Don’t go down the drain on an approach

By Bruce Williams

IFR pilots train for an event that they rarely perform in normal operations—circling approaches.

Charts

  • Charts
    Hermiston Municipal Airport in Oregon, has only circle-to-land (CTL) approaches.
  • Charts
    At an airport like Astoria Regional Airport (AST), circling might be preferable to a long approach over open water.
  • Charts
    While circling, you must fly the established traffic pattern even if a shortcut is tempting.
  • Charts
    A circling MDA is often well below the normal traffic pattern altitude.

Circling to land is typically reserved for practical tests and instrument proficiency checks, unless you operate from an airport like Hermiston, Oregon (HRI), where both approaches have only circle-to-land minimums. Even airline pilots don’t routinely circle to land—and then usually only the captain is allowed to do the flying and the weather must be at least basic VMC.

Circle-to-land minimums are established for two common reasons. If the angle between the final approach course and the extended runway centerline exceeds 30 degrees, or if the descent gradient is greater than 400 feet per nautical mile from the final approach fix to the threshold, only circle-to-land minimums are published. You can probably win a beer bet, however, if you ask an IFR pilot (or a CFII) for the third, more obscure, criterion. As the Instrument Procedures Handbook (page 4–11) explains, circle-to-land minimums are also the only option when “a runway is not clearly defined on the airfield,” perhaps because the markings have faded.

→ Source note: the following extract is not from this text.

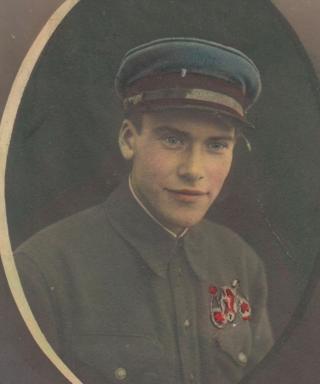 Мозгачёв Андрей Яковлевич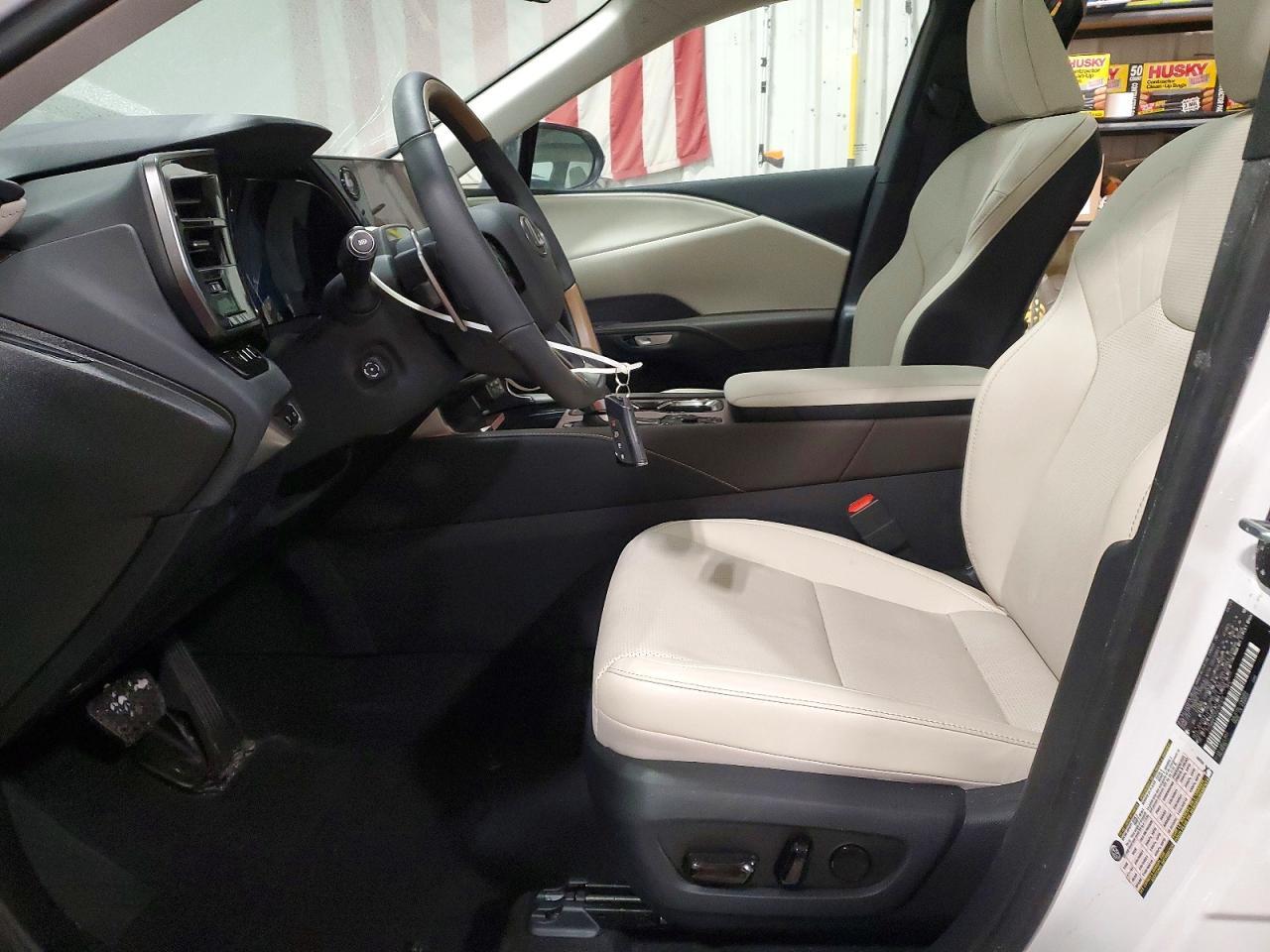 2025 LEXUS RX 350H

We easily recognize circle-to-land-only approaches because they have a letter from A to H in the procedure title, such as the “VOR-A” and “RNAV (GPS)-B” approaches at Hermiston. The title of an approach with at least one line of straight-in minimums includes a runway number; for example, the “RNAV (GPS) RWY 26” at Astoria, Oregon (AST).

Suppose you choose to fly a circling approach. For example, with winds out of the east at Astoria, you might prefer to fly the RNAV approach to Runway 26 and, weather permitting, circle to land on Runway 8 rather than wander far offshore at low altitude to set up for the RNAV (GPS) RWY 8. Leave whale-watching tours to the folks with the boats.

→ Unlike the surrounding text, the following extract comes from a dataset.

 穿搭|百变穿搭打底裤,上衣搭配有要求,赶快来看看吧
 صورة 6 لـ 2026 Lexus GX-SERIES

Choosing to circle, however, should still give you pause. Assuming a daytime approach (circling to land at night in anything less than good VMC is not a reasonable option for most GA pilots), how long has it been since you flew a circling approach below low clouds and with limited visibility? Can you confidently maneuver, probably with a tailwind, close to the runway and well below the standard 1,000-foot traffic pattern altitude? For example, at Astoria, the circling minimum descent altitude for the RNAV (GPS) RWY 8 approach in a CAT A airplane is 660 feet msl—646 feet above the runway. At that MDA you’d fly the downwind at an altitude typically associated with a base leg. That’s low—as the Aeronautical Information Manual 5-4-7 explains, a circling MDA provides only 300-foot obstacle clearance within the protected area defined for each aircraft category.

How will you fly the circling maneuver? Advisory Circular 90-66C, Non-Towered Airport Flight Operations, (paragraph 9.11.3) and several legal interpretations from the FAA, such as the 2014 Krug letter, emphasize that you must join and fly the established traffic pattern for a runway unless a procedure specifically calls for another path around the airport. That is, the regulatory left turns required by 91.126(b) apply even when ragged clouds might make an impromptu right-hand pattern more appealing, unless ATC issues specific instructions in Class E airspace.

An airport with crisscrossing runways like Astoria presents a further challenge. Suppose the wind favors landing on Runway 32 after you break out from an approach to Runway 26. The shortest path to the threshold of Runway 32 would be via a right base. But the chart supplement doesn’t specify a right-hand pattern for that runway, so 91.126(b) still rules. AIM 5-4-20 adds that while circling you should “maneuver the shortest path to the base or downwind leg, as appropriate, considering existing weather conditions…[but] there is no restriction from passing over the airport or other runways.” So, after flying an approach to Runway 26, the legal path to a landing on Runway 32 requires overlying the airport at midfield to join the left downwind and base legs.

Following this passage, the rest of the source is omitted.